1908’de New York’ta kadın hakları için düzenlenen bir yürüyüşte, kadınlar mor menekşeler takarak dayanışma gösterdi. Yani bu anlamlı gün işçi hareketinden doğdu. O gün 15 bin tekstil işçisi kadının daha kısa çalışma saatleri, daha iyi ücret ve seçme hakkı talebiyle yürümeleriyle tohumları atıldı. Bu yürüyüşten tam bir yıl sonra da Amerika Sosyalist Partisi 8 Mart'ı Ulusal Kadınlar Günü ilan etti. Bu yüzden mor renk, kadın hareketinin sembollerinden biri haline geldi. Hatta günümüzde de mor renk, feminist mücadeleyi ve kadın haklarını temsil eder. Kadınlar günü etkinlik reklamlarında da bolca çiçek ve mor rengi görürüz. İtalya’da ise 8 Mart’ta kadınlara sarı mimoza çiçeği veriliyor. Bunun sebebi ise mimozanın mart ayında çiçek açan dayanıklı bir bitki olmasıdır. Çiçek bu günün olmazsa olmazı haline geldi. Aslında çiçekle verilen mesaj çok açık ama anlayana.
Antalya, kesme çiçekte oldukça iddialı bir kent ve bu sene ‘Kadınlar Günü’ için 34 ülkeye 9 milyon dolar değerinde 75 milyon dal çiçek ihraç edildi. Ancak çiçek verme geleneği, zamanla 8 Mart'ın gerçek anlamını gölgede bıraktı. Çiçekler, kampanyalar, sosyal medyada içi boş kutlama mesajları Kadınlar Günü'nün altını boşalttı. 8 Mart Dünya Kadınlar Günü bir kutlama, bir tebrik günü değildir. Bir farkındalık, bir hatırlatma, bir anma günüdür.
Bu günün kökeni, 8 Mart 1857'de New York'ta daha iyi çalışma koşulları için greve çıkan tekstil işçisi kadınlara dayanır. 40 bin kadın dokuma işçisi eşit işe eşit ücret, çalışma saatlerinde azalma ve doğum izni istemiyle greve başladı. Bu grev esnasında çıkan yangında fabrikaya kilitlenen 129 kadın işçi yaşamını yitirdi. O gün fabrikada çıkan yangında hayatını kaybeden kadınlar, eşitlik mücadelesinin ne kadar pahalıya mal olabileceğini bütün dünyaya gösterdi. Bu yüzden 8 Mart, alışveriş kampanyalarıyla değil, mücadeleyle anılmalıdır.
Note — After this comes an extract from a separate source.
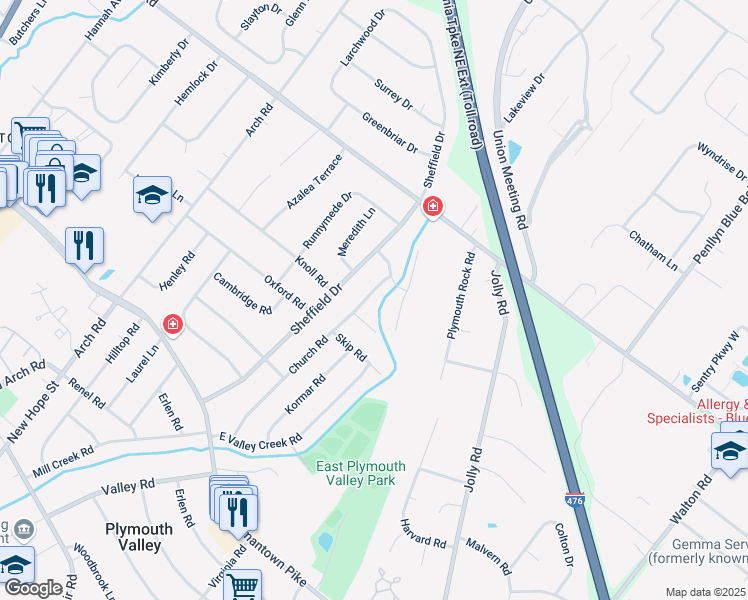 map of restaurants, bars, coffee shops, grocery stores, and more near 58 Church Road in Plymouth Meeting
Kadın olmak dünyanın her yerinde zor, kimse aksini ispat edemez, bu geçmişten bugüne her daim bir varoluş mücadelesi olmuştur ve olmaya da devam edecektir.
Günümüzde kadınlar hâlâ pek çok alanda eşitsizlikle mücadele ediyor. "Kadın dediğin şöyle olmalı" cümlesi, farklı coğrafyalarda farklı şekillerde kurulsa da temel mantık aynı; kadınlar sınırların içine hapsedilmeye çalışılıyor. Özünde hep bir görülmeme, hep bir sömürü…
Peki, 8 Mart’ta ne yapmalı derseniz kadınların sesini duyuracak bir etkinliğe katılmalı, sosyal medyada mesaj paylaşmak yerine kadın haklarıyla ilgili gerçek bir adım atmalı. Sadece 8 Mart’ta değil, yılın her günü kadınların eşitlik mücadelesine omuz vermeliyiz. Çünkü gerçek kutlama, kadınların hak ettikleri dünyada yaşadığı gün başlayacak.